Hi Serg, thanks for review! Sergei Golubchik <serg@askmonty.org> writes:
On Apr 27, knielsen@knielsen-hq.org wrote:
Add that slaves set a variable @mariadb_slave_capability to inform the master in a robust way about which events it can, and cannot, handle.
I'm not sure I like the idea of magic user variables. Why wouldn't you create a session server variable @@mariadb_slave_capability?
I'll admit I did not think much about it, I just did it the same way that other replication features are announced by slaves to the master, eg. @master_binlog_checksum or @master_heartbeat_period.
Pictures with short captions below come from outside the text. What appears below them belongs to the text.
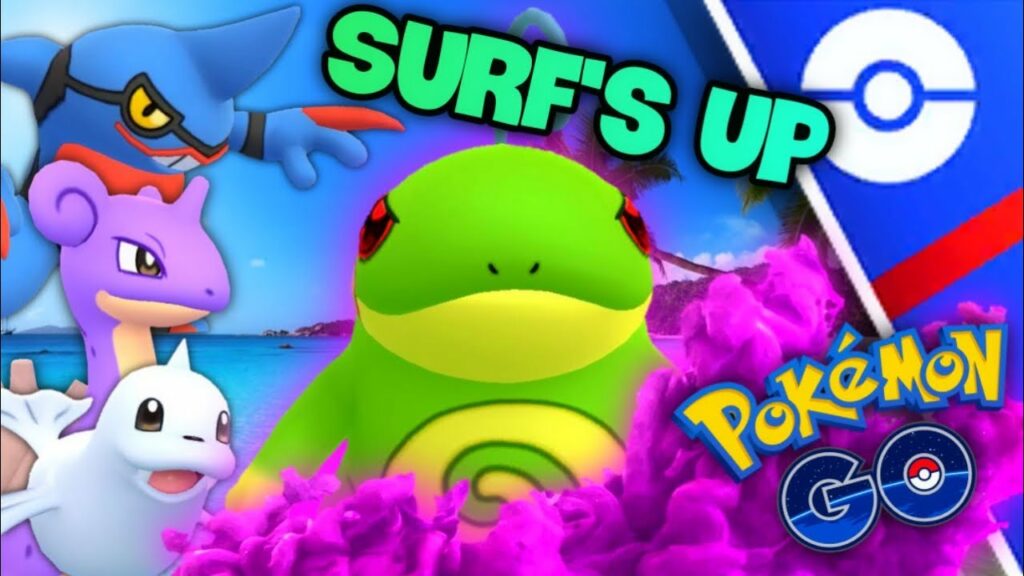 Shadow Politoed is broken in GO Battle League for Pokemon GO // Using Surf instead of Weather Ball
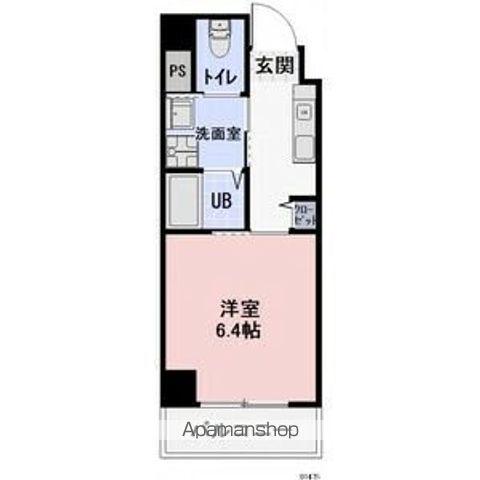 ワイズタワー新栄(1K/8階)の間取り写真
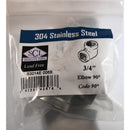 FEMALE ELBOW 90 3/4" SS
There is some merit in being consistent with current code, but there is also merit in avoiding magic user variables. If you prefer a session server variable @@mariadb_slave_capability, I will change it?
Also: Why would "a later release of a slave change what an earlier release of a master believes about its capabilities"?
Agree this is unclear. The basic idea is just to argue that it is better that the slave announces its capabilities explicitly rather than the master tries to guess based on version. What I meant here was: if the master used the slave version to guess what the slave is and is not capable of, then that guess will be fixed. So whenever we release a new version of the slave, it will not be possible to influence what the old master guesses (unless we change the slave version number, which is not always possible/desirable). For example, we could not backport a slave feature to an older version number and work with old master. I re-worded the description in the Jira task to this to clarify: "The slave will, when connecting, set a user variable {{@mariadb_slave_capability}}. The master will read the value of this variable and use it to determine the capabilities of the slave. This is more robust and flexible than relying on version numbers, since ideally any version master should be able to replicate against any version slave. When we release the code in a master, it is hard to predict what slave capabilities every possible version of future releases will have - especially with multiple forks/branches of MySQL being developed individually. And announcing the slave capabilities explicitly allows the slave code full flexibility in working correctly against older masters."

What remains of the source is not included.